S.C. Girl Defends Choice Of Doll After Cashier Says ‘She Doesn’t Look Like You’
CLOVER, S.C. — “But she doesn’t look like you. We have lots of other dolls that look more like you.”
It was those words that came from a Target cashier in that made Brandi Benner angry.
Benner was shopping with her 2-year-old daughter Sophia to celebrate the toddler’s big potty training milestone.
“I told her that if she had no accidents and no diapers for a whole month she could pick out a big prize,” Benner said.
The little girl and her mother made the trip to Target a few days ago. Benner says she already knew what her daughter would pick.
“Whenever she gets to pick out a present on her own, she picks a doll almost every time,” she said.
In Sophia’s playroom in their Clover home there are dolls of every size and shade scattered about. Along the wall, she has a closet full of dress-up clothes. Her favorite? A doctor’s coat, complete with all the tools of the trade.
“I get checkups at least five times a day,” Benner joked. “I get shots daily.”
So when Sophia saw a doctor doll on the store shelf, she had to have her.
“She immediately fell in love with it,” Benner said.
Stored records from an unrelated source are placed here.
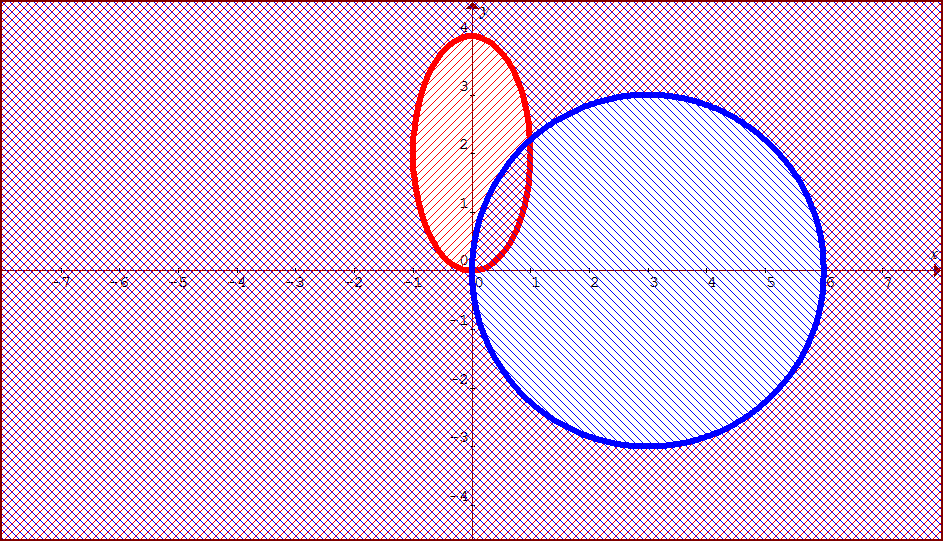DEFINICE: OBOR HODNOT FUNKCE Oborem hodnot funkce f je množina všech z R takových, že z = f(x, y) pro nějaké [x, y] D f.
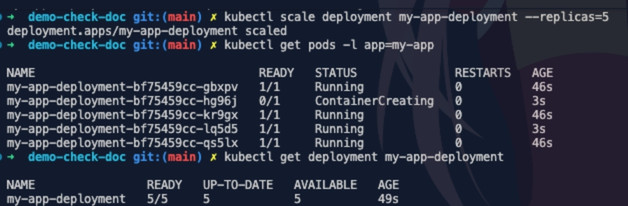Output của lệnh kubectl scale deployment my-app-deployment --replicas=5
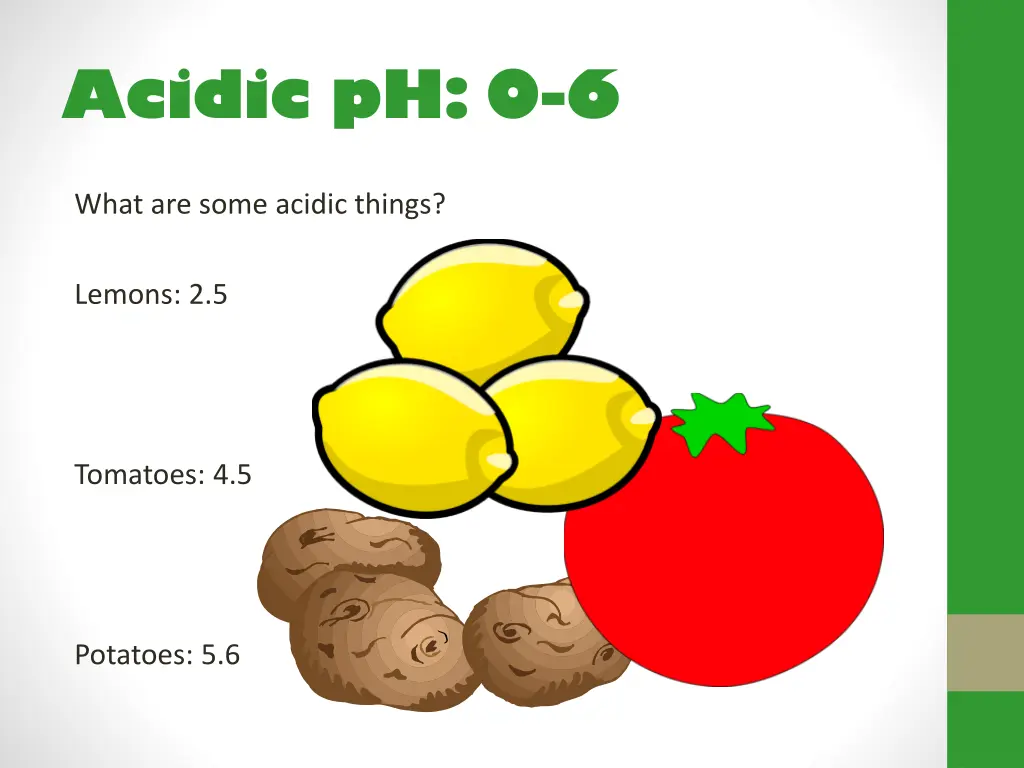 acidic ph 0 6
Sophia named her new doll Meghan. Meghan is black. Sophia is white.
When Sophia brought the doll to the cashier, the older lady behind the register looked at her with a puzzled expression.
“Are you going to a birthday party?” Benner said the cashier asked her little girl.
Sophia hesitated to answer, so Benner explained it was a potty-training reward.
That’s when the cashier turned to Sophia and supposedly said, “Oh. Well, are you sure this is the doll you want honey? Because, she doesn’t look like you and we have lots of other dolls here that look like you.”
Benner says her brain could not process a response fast enough. But little Sophia’s did.
“She does (look like me.) Because she’s a doctor like I’m a doctor. She’s a pretty girl and I’m a pretty girl. See her stethoscope?” the ‘Doc McStuffins’ fan explained.
Benner said the cashier let it go. The pair went on their way. But when she got home, she was so proud, Benner posted the encounter on her personal Facebook page. It’s had hundreds of thousands of likes and shares in just a few days.
Benner says, if she’d known it would have gotten so much attention, she probably never would have posted anything.
“I don’t believe she was doing it to be malicious,” Benner said. “She’s a different generation.”
But she’s proud she’s raising a daughter who sees the world differently. Sophia may not be a doctor yet, but she certainly knows a thing or two about healing and love.
“Just to stick to love. Love is love is love. And that means every color, every person, every interaction,” Benner said. “We could attack and go negative because of what she said, but my daughter just responded in love and that’s the heart of all of it.”